Because hummus has a reputation of being a health food, we receive many questions about it falling with the Paleo guidelines. Traditional hummus, made from chickpeas (also known as garbanzo beans), are not considered Paleo.
Chickpeas fall within the legume family. We have written exhaustively about why legumes are not considered Paleo-friendly. Basically, while they do have some beneficial qualities, they also are packed full of anti-nutrients like phytates and lectins. You can read all about our thoughts on legumes here.
For all the hummus lovers out there, you won’t be disappointed for long! There are many Paleo-friendly hummus recipes that will still give you your fill of creamy mediterranean goodness.
This recipe utilizes the rich and savory flavor of beets, combined with tahini and lemon, and zucchini for texture purposes for a delightful hummus replacement.
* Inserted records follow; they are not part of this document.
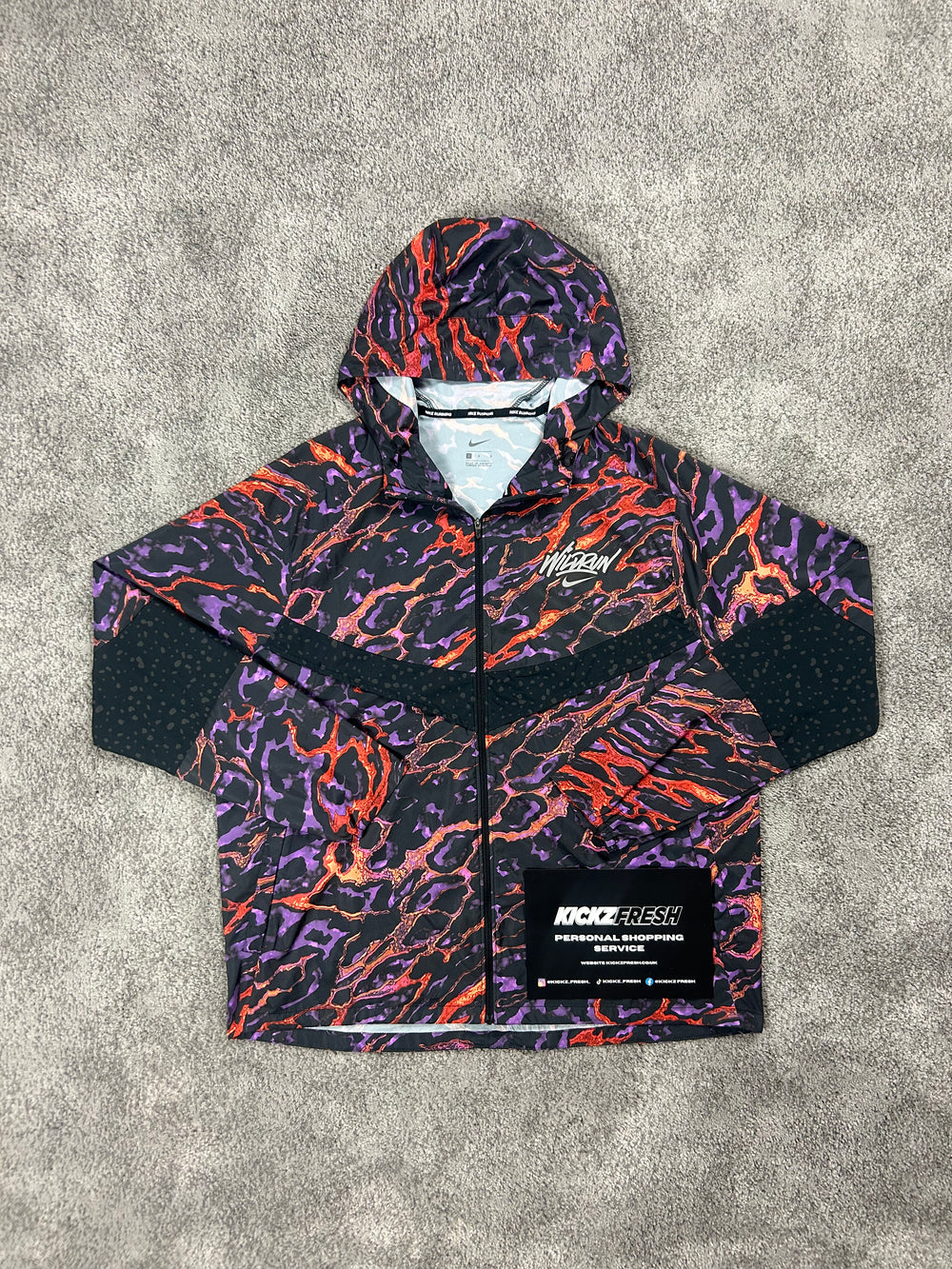 NIKE WINDRUNNER WILDRUN GALAXY PURPLE BLACK JACKET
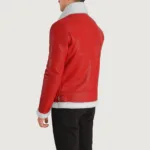 Francis B-3 Red Leather Bomber Jacket 5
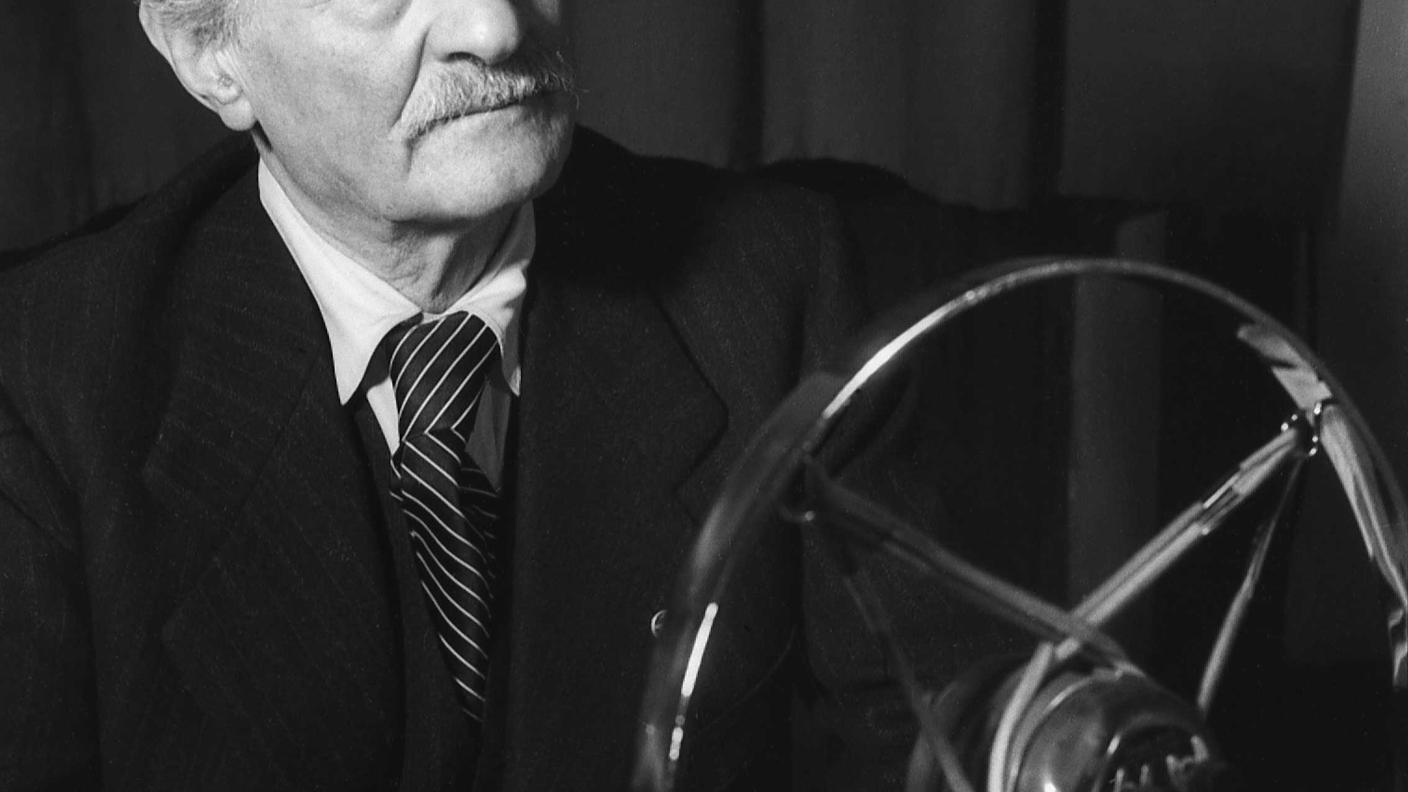 Arturo Farinelli ai microfoni della Radio svizzera (1937)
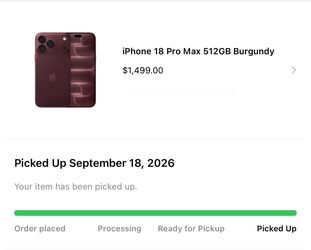 iPhone 18 Pro Max 512GB UNLOCKED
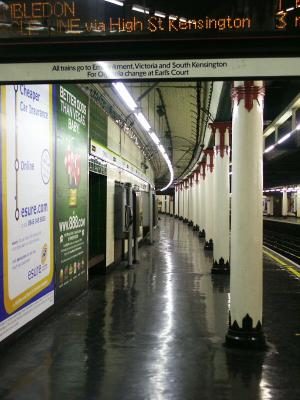 Down in the tube station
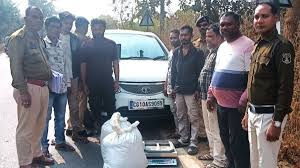 अवैध गांजा तस्करी के खिलाफ बड़ी कार्रवाई, 25 किलो गांजा के साथ 4 अंतरराज्यीय तस्कर गिरफ्तार 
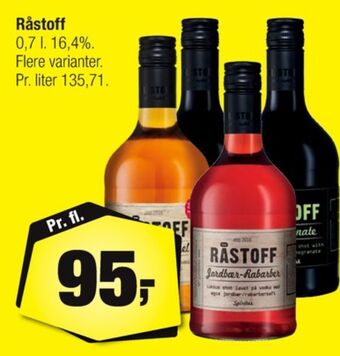 Calle Råstoff shots tilbud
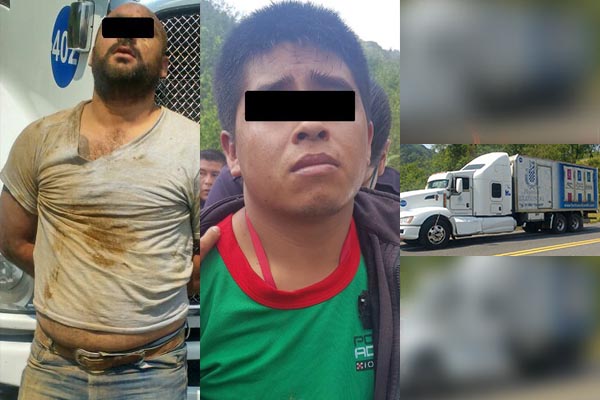 Policía Estatal recupera tractocamión en Teziutlán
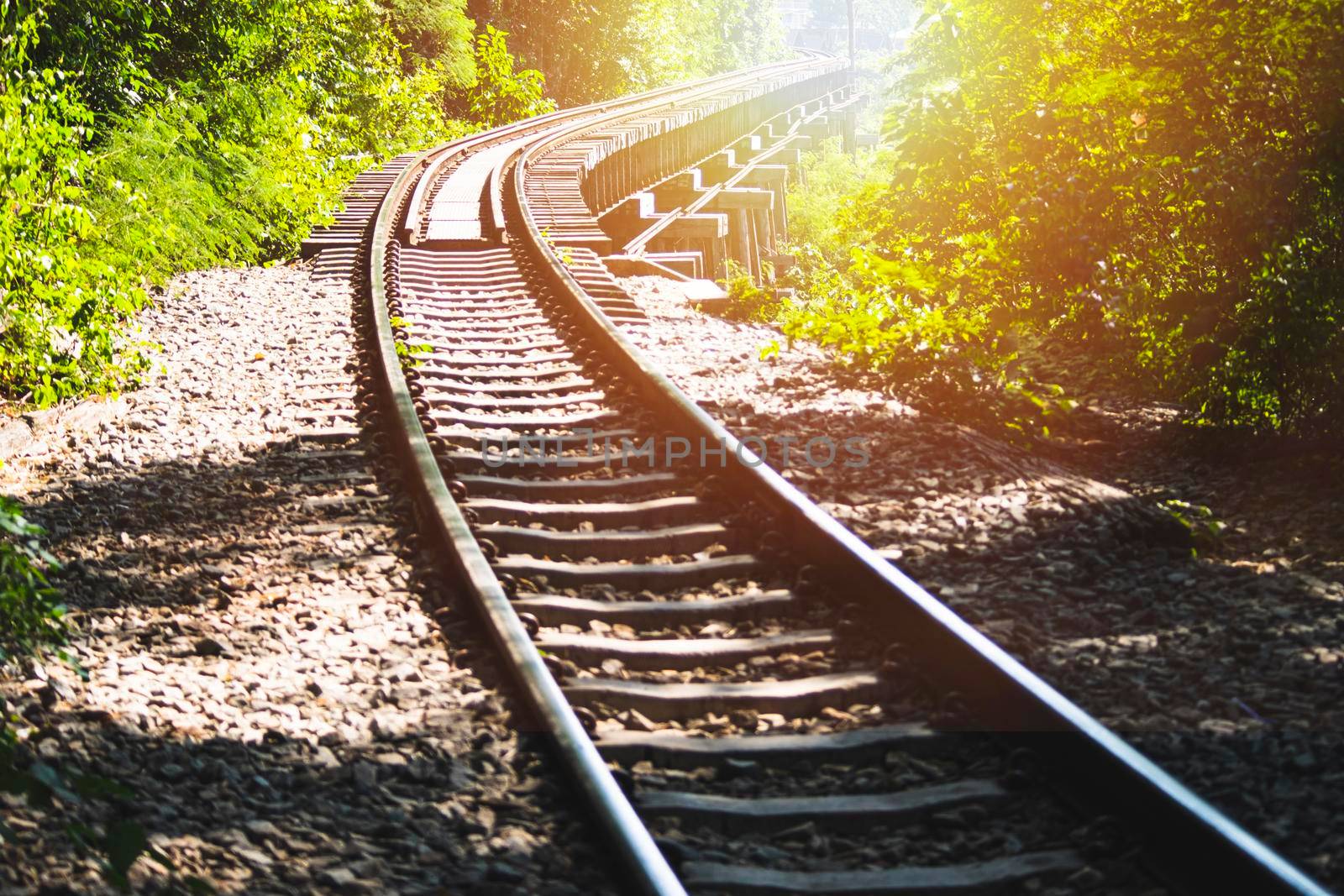 Thailand-Burma railway. The death railway is built in second world war for transportation military industry.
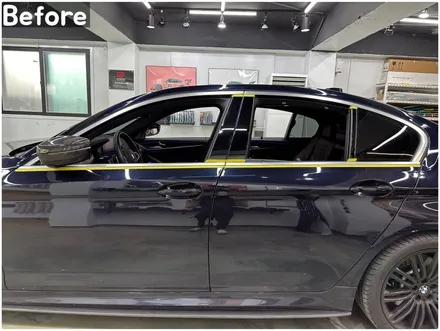 BMW 5시리즈(G30) 윈도우라인 크롬죽이기 시공 후기｜블랙으로 정리한 변화 / 서울 동작
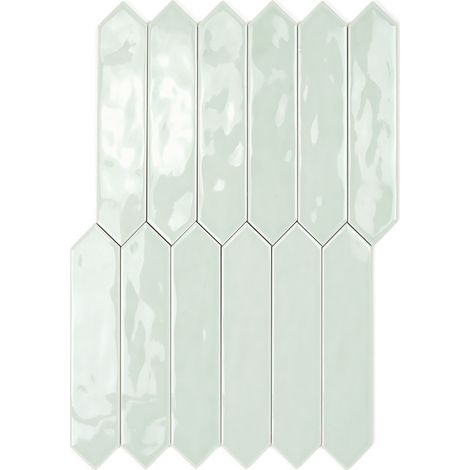 Carrelage Mur Ceramic Connection Green Brillante 5x25 cm
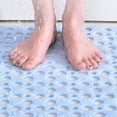 thumbnail image 3 of Tnobhg Bath Mat Non-Slip Shower Carpet with Drainage Holes Strong Suction Cups Design Bathroom Mat for Home, 3 of 7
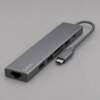 USB Type-C хаб 7-в-1, HDMI, Power Delivery, 2xUSB 3.0, RJ45, microSD/SD, графит, Deppa (Изображение 1)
Serve with your favorite cut up veggies for a satisfying snack.
Zucchini has a great texture for hummus, and when its mild flavor is combined with zingy lemon and flavorful parsley and dill, it really takes it up a notch. Use it as a dip, spread it on meat, or just eat it plain. It’s THAT good.
We love this recipe from our friends at Paleo Leap. Using the Paleo staple sweet potato, tahini, and a dash of cayenne, this creamy dip will please even the pickiest Paleo eaters.
Cauliflower also makes an excellent replacement for chickpeas. This recipe from Our Fifth House pairs cauliflower with almond butter, garlic, and red pepper flakes for a delicious dip. Not sure if cauliflower and almond butter make a good combo? Try it and you’ll be pleasantly surprised!